The UAE is a very young country, having been formed just over forty years ago. But in those few short years a stable political system has evolved in response to the needs of a modern nation state and the aspirations of its citizens. This political system, which is consistent with the culture and traditions of the UAE and is underpinned by a Constitution that guarantees the rights of all UAE citizens, is characterised by a strong consultative relationship between citizens and government, the application of the rule of law and good governance.
UAE Foreign Minister Sheikh Abdullah bin Zayed Al Nahyan laid out the political parameters of UAE human rights policy in an address to the UN General Assembly:
. . . moderation and tolerance are basic principles in guiding our political orientation and represent lofty values to the citizens of the United Arab Emirates and to our society as a whole. In this sense, the United Arab Emirates has been and will remain committed to moderation in its approach, and accepts other communities as part of a diverse world built on mutual respect. It is these human values which have informed our convictions with regard to many issues such as counterterrorism, human rights, the empowerment of women, and coexistence among peoples and communities.
Today, the citizens of the UAE are reaping the benefits of substantial investment in infrastructure, housing, education and health services. In addition, the UAE's remarkably open and tolerant society has attracted over 200 nationalities to live and work here in harmony. The high standard of living experienced in the UAE is reflected in its inclusion in the 2013 UN Human Development Index's list of countries with very high human development, and its ranking of forty-first out of a total of 193 countries worldwide.
In a difficult and unstable region, and in a country with a rapidly growing population, a large percentage of whom are expatriates, the UAE's approach to human rights is both proactive and evolving, as is shown by the significant progress made in improving and expanding labour regulations and human trafficking laws, women's rights, protection of children, and promotion of equality before the law.
In particular, the UAE has made great efforts to bring its national legislation in line with international norms, ratifying many international human rights conventions in the process.
This high level of respect for human rights in the country is evident in the UAE's first place among Arab countries and fourteenth globally on the International Human Rights Rank Indicator (IHRRI), published in 2013 by the Swiss-based NGO, Global Network for Rights and Development (GNRD).
The UAE scored highly in the provision of health and education, economic and labour rights, freedom of expression and racial tolerance, ahead of members of the European Court of Human Rights, such as Austria, Ireland, Germany and France, and even beating the US in twentieth place.
There is no doubt that much more needs to be done in the field of human rights in the UAE and part of this enhancement process involves review and debate in international fora.
In accordance with the Human Rights Council's mandate, which involves a periodic review of the human rights record of all UN member states, the UAE has completed two four-yearly Universal Periodic Review (UPR) reports, the second of which was adopted on the 7 June 2013. This second report described the significant steps that the UAE had taken to uphold the principles and norms of human rights over the previous four years, including details of the UAE's response to the recommendation made by the Human Rights Council at the last review.

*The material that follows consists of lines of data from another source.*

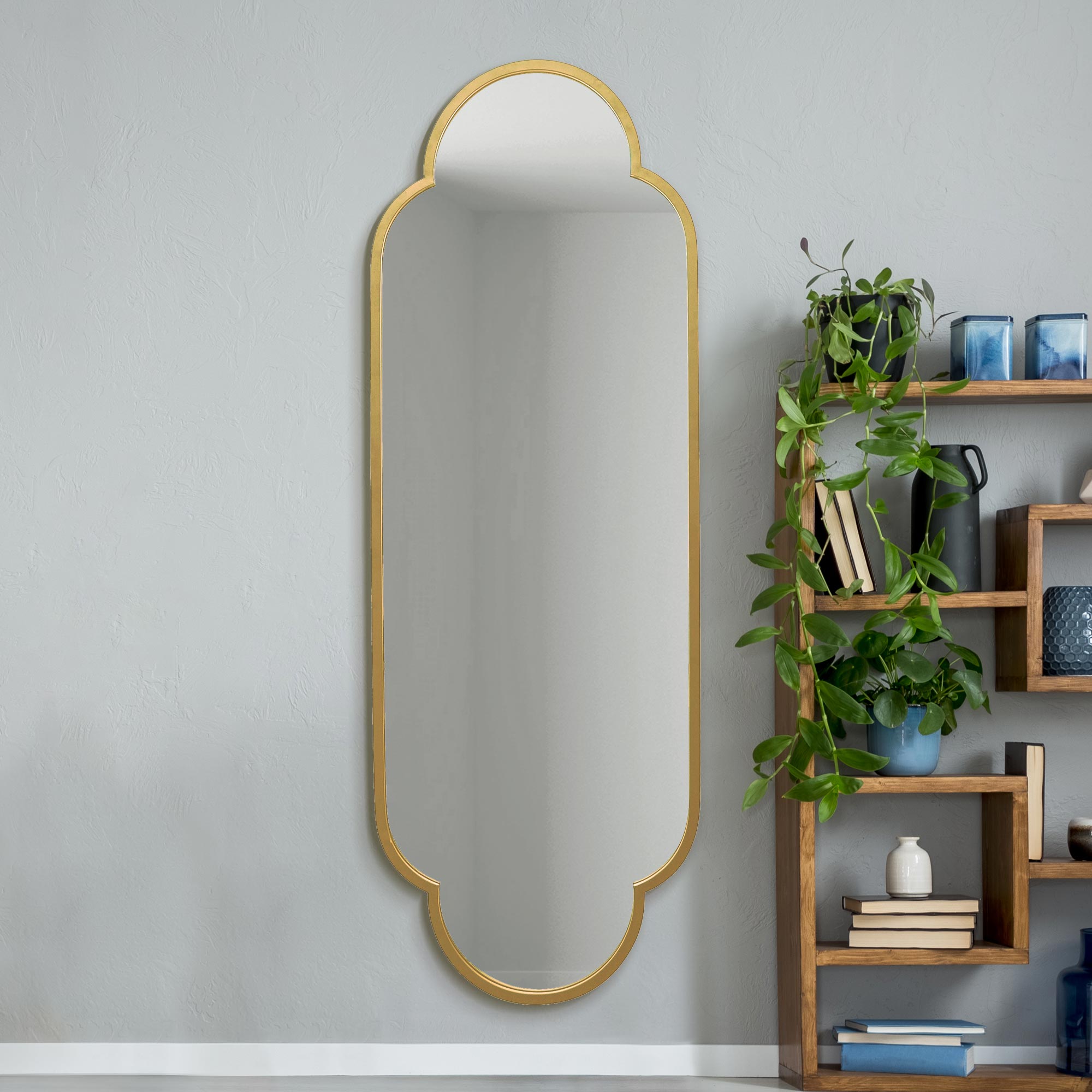 The Duplici - New Gold Metal Framed Double Arched Oval Wall Mirror 67" X 23" (170CM X 59M) (15010557100410)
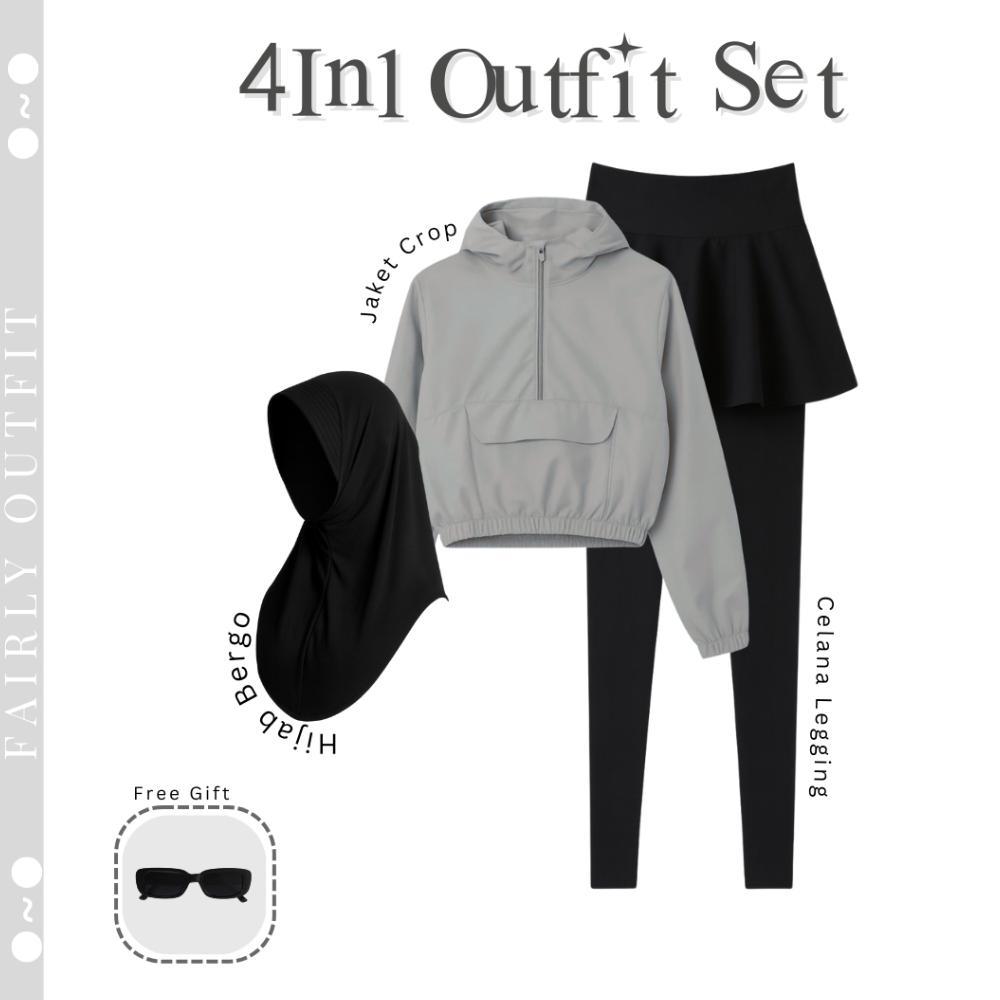 Gratong Nana Set Outfit Sporty Wanita  ( Hijab + Jacket + Rok ) One Set Olahraga - Fs42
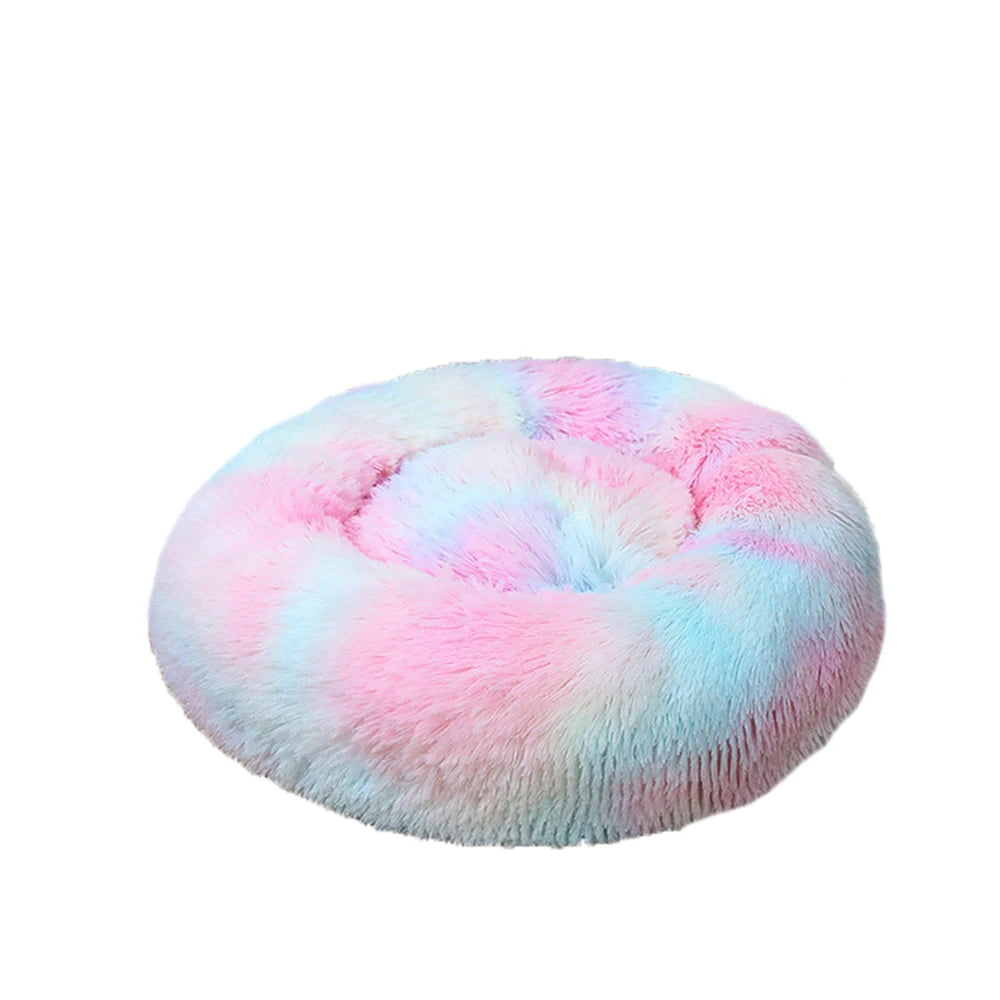 Donut Dog/Cat Calming Bed, Warm Soft Long Plush, Washable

It also examined a range of remaining challenges, including issues related to contract workers and human trafficking.
Following a full evaluation by government and civil society of the recommendations made by member states following the second review, and taking the Constitution, domestic legislation and cultural issues into account, the UAE fully accepted 100 recommendations, partially accepted or noted 61 recommendations and rejected 19 recommendations made by member states. The few rejections were determined to be in conflict with the UAE's legal and cultural framework.

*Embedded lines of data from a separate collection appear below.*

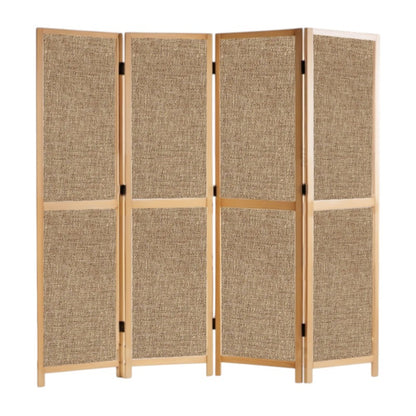 Partition Room Divider - 4-Panel Single-Sided Upholstery Fabric Folding Screen Room Divider with Sealed Wooden Frames Fitted with Floor Protectors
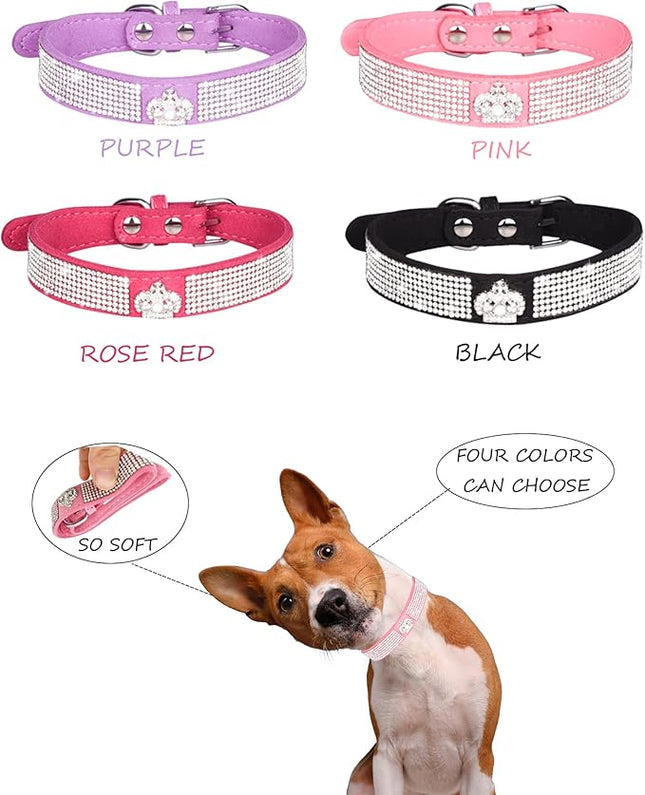 Dog Collar for Small Dogs, Adjustable Leather Suede Bling Dog Collars，Pink Dog Collar Cat Collar, Rhinestone Dog Collar (M, purple3)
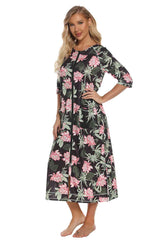 Printed Slit Night Dress with Pockets king-general-store-5710.myshopify.com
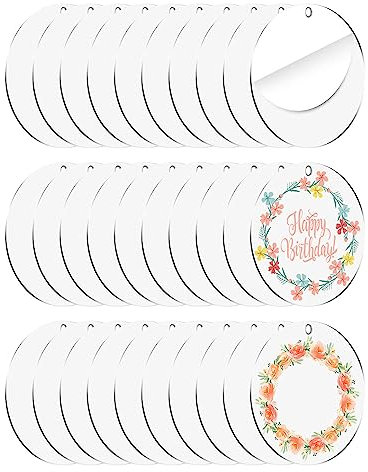 TAIANJI 30 Stk Acrylglas Platte Acrylplatte 7.6cm, Acrylglas Rund Schlüsselanhänger Rohlinge für Kunst Und Kunsthandwerk Malerei Schnitzerei 2mm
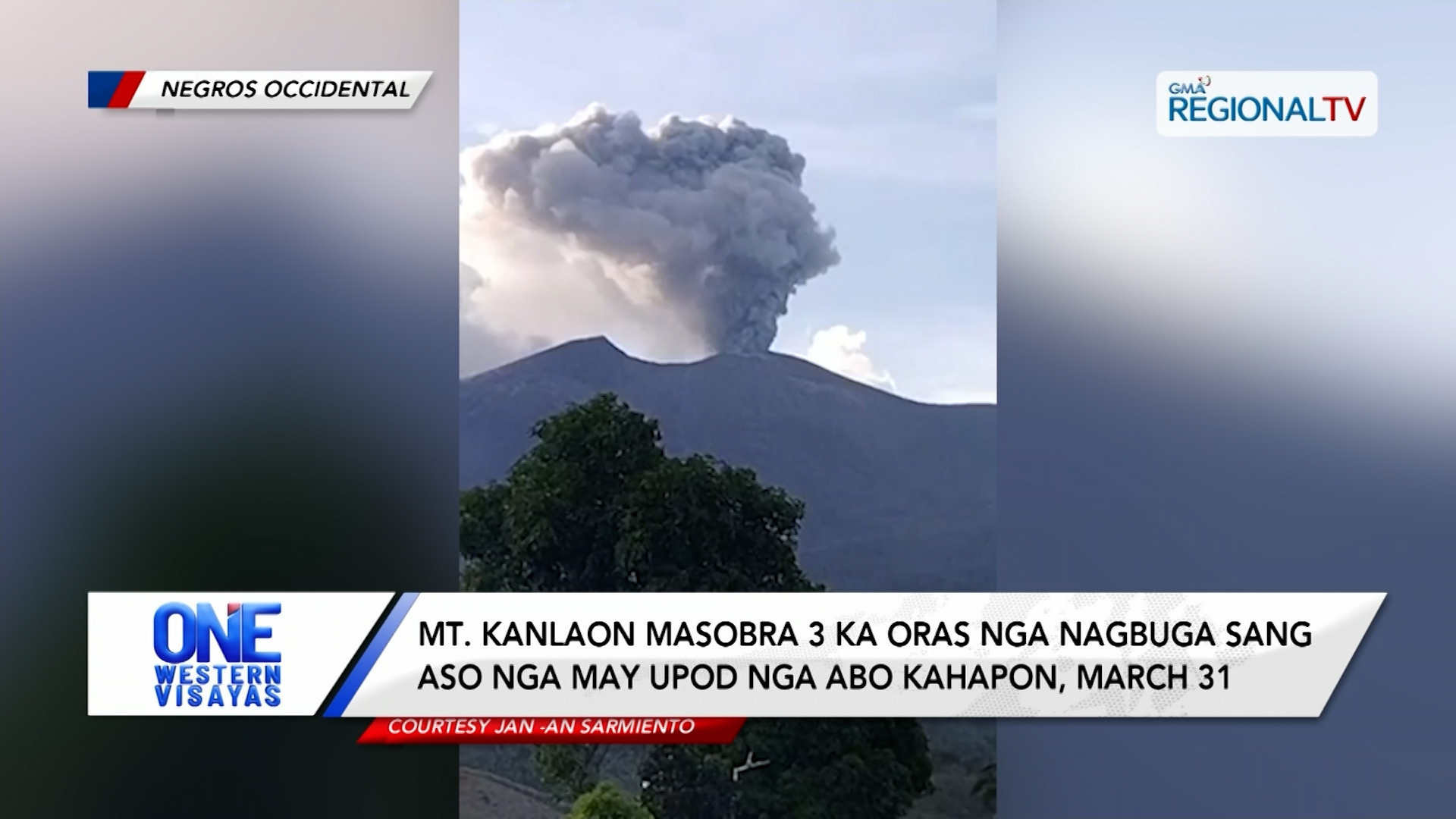 Mt. Kanlaon masobra 3 ka oras nga nagbuga sang aso nga may abo, March 31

In his statement to the Council's concluding session, Dr Anwar Gargash, Minister of State for Foreign Affairs, noted with satisfaction that the Council had recognised the significant progress achieved by the UAE in enhancing human rights protection and had applauded the UAE's national process in compiling the human rights report.
With the adoption of the UPR report, the UAE's Standing Committee on the Universal Periodic Review is overseeing the implementation of the recommendations that have been accepted. One of the most important tasks to hand is the strengthening of national institutional frameworks that aim to protect human rights, including the departments and government entities concerned with human rights at domestic and federal level. The UAE has accepted the Council's recommendation to establish a national human rights institution and the role of the Federal National Council in human rights protection has been enhanced through the establishment of a permanent committee on human rights. The Ministry of the Interior has also created a specialised committee on human rights that aims to increase awareness of human rights' standards within law enforcement agencies.

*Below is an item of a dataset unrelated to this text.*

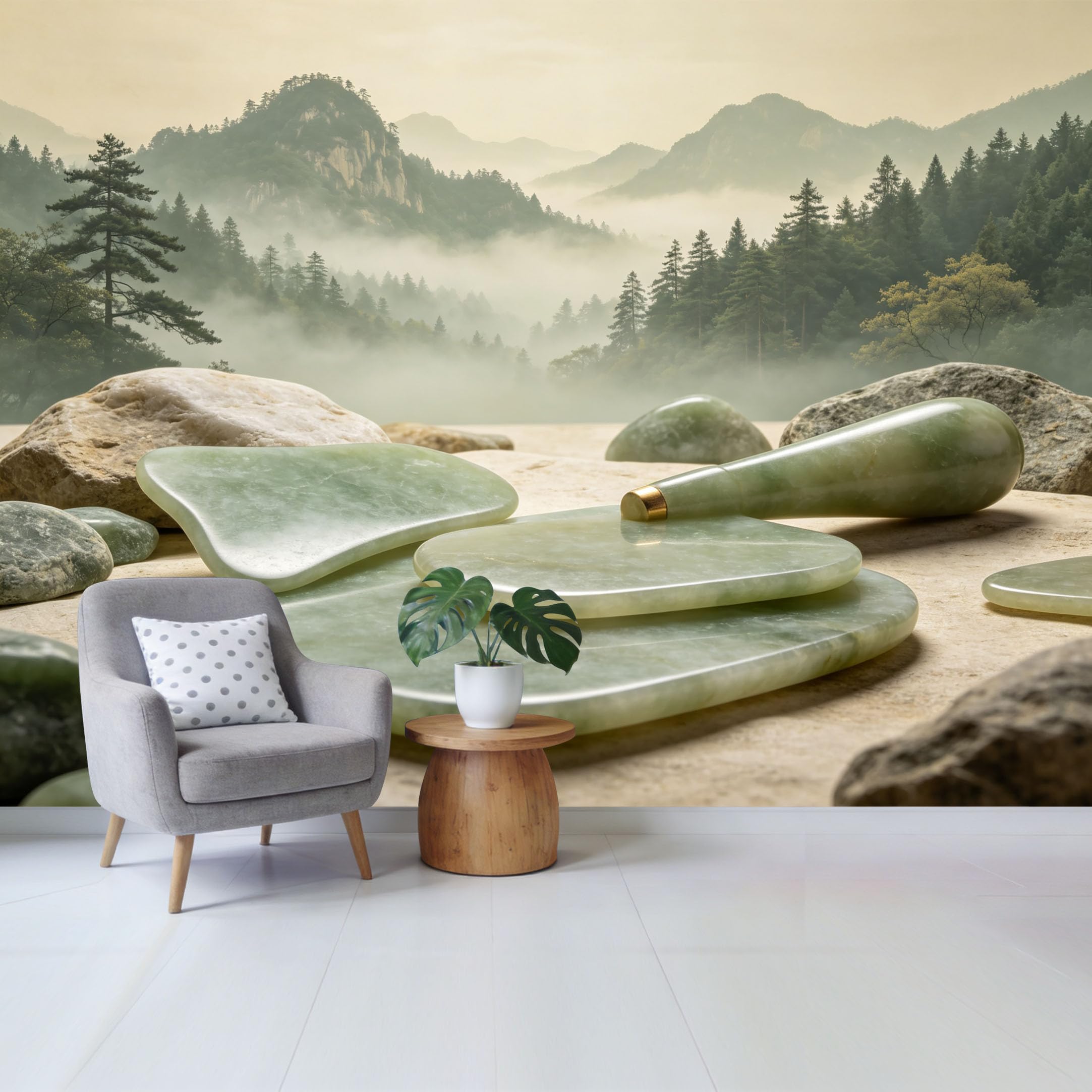 Qzlithotic Yq2605251078 Custom Size Wall Mural Serene Mountain Lake Mist Landscape Green Jade Stone Texture Selfadhesive Wall Fabric Removable Wallpaper For Home Office Decor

In cooperation with the Office of the High Commissioner, the UAE is instigating a comprehensive national training and capacity building programme for national officials and will continue to raise awareness of human rights issues throughout the country in order to promote a human rights culture.
The UAE also continues to cooperate with the Council's Special Procedures, including visits by its Special Rapporteurs on Human Trafficking, Human Rights and Counter-terrorism, Independence of Judges and Lawyers.
In addition, the Government has renewed its financial support for the Office of the United Nations High Commissioner for Human Rights and contributes to a number of human rights funds such as the Trust Fund on Contemporary Forms of Slavery; the Voluntary Fund for Victims of Torture; the United Nations Voluntary Trust Fund for Victims of Human Trafficking; and funds for UNDP programmes.
The UAE was elected to a three-year membership of the 47-member UN Human Rights Council commencing in early 2013, receiving the second highest number of votes of all 18 successful candidates.
Human Rights Conventions to which the UAE is a Party
Convention against Torture and other Cruel, Inhuman and Degrading Treatment or Punishment
Convention on the Prevention and Punishment of the Crime of Genocide
International Convention on the Elimination of All Forms of Racial Discrimination (ICERD)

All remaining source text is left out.